She could not have shown her good-sense or her honor better than by taking the matter as she did. But when John Gore spoke of his more tangible debt to her, she stirred the pudding hard, and would have none of his protests.

“No, sir, we have got good crops in, three milking-cows, a yard full of pullets, all stuff off our own ground. It’s just our own stuff, and we shall thank you to eat of it, though it be a bit rough, and not puffed up for a gentleman’s table. Charge you sixpence when we kill a chicken, or a penny when I take a bowl of apples down out of the attic? Dear life, sir, not me! My hands aren’t made that way.”
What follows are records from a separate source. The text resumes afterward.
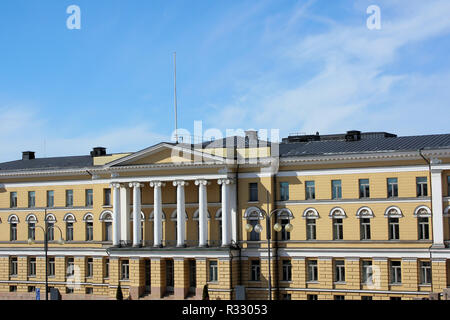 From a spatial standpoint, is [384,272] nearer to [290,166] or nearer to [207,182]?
[290,166]

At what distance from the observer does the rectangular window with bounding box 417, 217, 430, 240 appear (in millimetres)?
43509

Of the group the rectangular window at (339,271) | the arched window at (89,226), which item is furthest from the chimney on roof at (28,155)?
the rectangular window at (339,271)

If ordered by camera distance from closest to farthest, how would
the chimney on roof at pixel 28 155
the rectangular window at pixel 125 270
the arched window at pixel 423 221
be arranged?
the arched window at pixel 423 221 < the rectangular window at pixel 125 270 < the chimney on roof at pixel 28 155

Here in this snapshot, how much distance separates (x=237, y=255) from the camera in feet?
159

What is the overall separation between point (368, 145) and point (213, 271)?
14.2m

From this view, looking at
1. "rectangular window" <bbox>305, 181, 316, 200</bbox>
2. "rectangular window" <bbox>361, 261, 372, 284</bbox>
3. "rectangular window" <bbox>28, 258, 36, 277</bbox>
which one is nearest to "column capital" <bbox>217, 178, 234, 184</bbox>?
"rectangular window" <bbox>305, 181, 316, 200</bbox>

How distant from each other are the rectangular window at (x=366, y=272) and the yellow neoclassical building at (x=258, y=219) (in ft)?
0.33

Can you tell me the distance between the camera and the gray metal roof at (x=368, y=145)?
44.7 meters

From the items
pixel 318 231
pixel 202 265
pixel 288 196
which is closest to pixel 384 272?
pixel 318 231

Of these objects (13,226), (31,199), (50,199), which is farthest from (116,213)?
(13,226)

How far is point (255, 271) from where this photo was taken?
48594 millimetres

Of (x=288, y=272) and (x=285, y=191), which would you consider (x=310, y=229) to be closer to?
(x=285, y=191)

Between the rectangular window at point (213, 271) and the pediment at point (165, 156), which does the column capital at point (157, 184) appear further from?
the rectangular window at point (213, 271)

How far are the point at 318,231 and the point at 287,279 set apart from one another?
4165 millimetres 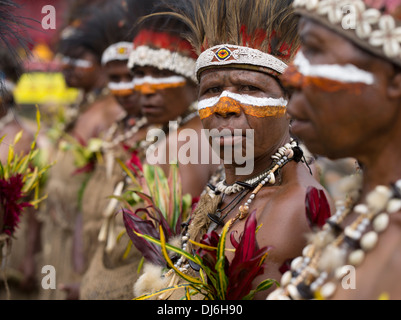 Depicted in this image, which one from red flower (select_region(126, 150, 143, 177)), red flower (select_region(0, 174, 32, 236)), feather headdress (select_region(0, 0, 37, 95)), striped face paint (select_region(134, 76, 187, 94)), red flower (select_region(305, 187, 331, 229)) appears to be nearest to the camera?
red flower (select_region(305, 187, 331, 229))

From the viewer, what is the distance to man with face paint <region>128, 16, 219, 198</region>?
3.62 metres

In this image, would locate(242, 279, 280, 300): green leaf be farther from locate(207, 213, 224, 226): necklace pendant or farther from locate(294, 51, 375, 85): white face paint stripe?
locate(294, 51, 375, 85): white face paint stripe

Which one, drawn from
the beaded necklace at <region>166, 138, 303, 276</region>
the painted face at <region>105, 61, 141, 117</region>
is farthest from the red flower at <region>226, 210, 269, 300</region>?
the painted face at <region>105, 61, 141, 117</region>

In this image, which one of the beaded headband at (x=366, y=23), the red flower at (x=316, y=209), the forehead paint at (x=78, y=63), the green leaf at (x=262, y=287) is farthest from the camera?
the forehead paint at (x=78, y=63)

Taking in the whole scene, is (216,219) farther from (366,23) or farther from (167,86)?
(167,86)

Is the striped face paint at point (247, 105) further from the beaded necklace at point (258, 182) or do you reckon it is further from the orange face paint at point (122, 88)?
the orange face paint at point (122, 88)

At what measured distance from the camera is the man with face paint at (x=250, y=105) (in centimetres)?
231

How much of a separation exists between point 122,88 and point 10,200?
78.6 inches

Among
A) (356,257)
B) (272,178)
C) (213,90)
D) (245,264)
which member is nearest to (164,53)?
(213,90)

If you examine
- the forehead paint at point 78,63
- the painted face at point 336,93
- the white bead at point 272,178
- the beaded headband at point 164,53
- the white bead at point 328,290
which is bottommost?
the white bead at point 328,290

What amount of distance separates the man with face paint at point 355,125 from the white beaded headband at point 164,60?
209 cm

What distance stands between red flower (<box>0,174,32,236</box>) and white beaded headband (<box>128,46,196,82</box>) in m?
1.29

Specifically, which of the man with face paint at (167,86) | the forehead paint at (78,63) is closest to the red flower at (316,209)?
the man with face paint at (167,86)

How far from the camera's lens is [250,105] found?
2303 mm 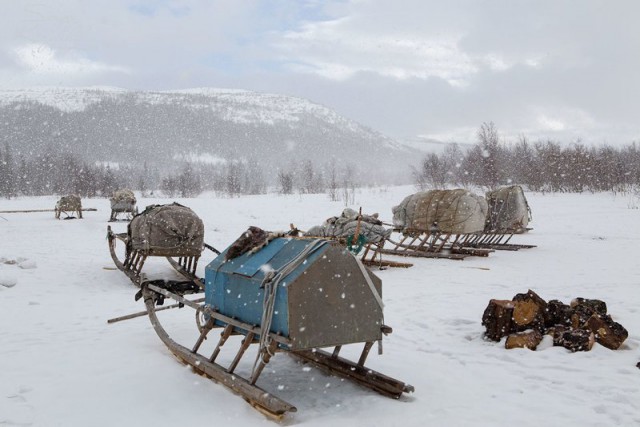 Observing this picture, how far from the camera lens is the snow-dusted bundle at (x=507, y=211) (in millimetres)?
16453

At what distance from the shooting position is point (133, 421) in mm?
3934

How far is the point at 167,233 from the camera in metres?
9.80

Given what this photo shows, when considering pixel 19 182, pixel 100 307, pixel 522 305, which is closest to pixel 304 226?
pixel 100 307

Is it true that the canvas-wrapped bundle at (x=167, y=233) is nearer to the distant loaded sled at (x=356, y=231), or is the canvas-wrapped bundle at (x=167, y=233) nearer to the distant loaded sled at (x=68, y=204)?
the distant loaded sled at (x=356, y=231)

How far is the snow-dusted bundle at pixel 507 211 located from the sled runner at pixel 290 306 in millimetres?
13146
Chris Jennifer came in about dinner-time, heralding his approach by kicking his muddy boots against the stone step at the yard door. He came in, and received John Gore and his wife’s orders without so much as a blink of surprise. He stared hard at his guest for half a minute or so, and then took a big jug from a shelf over the fireplace.

“I’ll tap t’ new cask,” he said, as though that would be his warmest welcome. “Put some apples t’ sizzle, my dear. Suppose thee’ll be airin’ t’ best sheets.”

“Go on with you,” said his wife, bluntly; “do you think I be one to forget such a thing?”

Mr. Jennifer lumbered round to her, stood by her solemnly a moment, and then gave her a very deliberate dig under the arm.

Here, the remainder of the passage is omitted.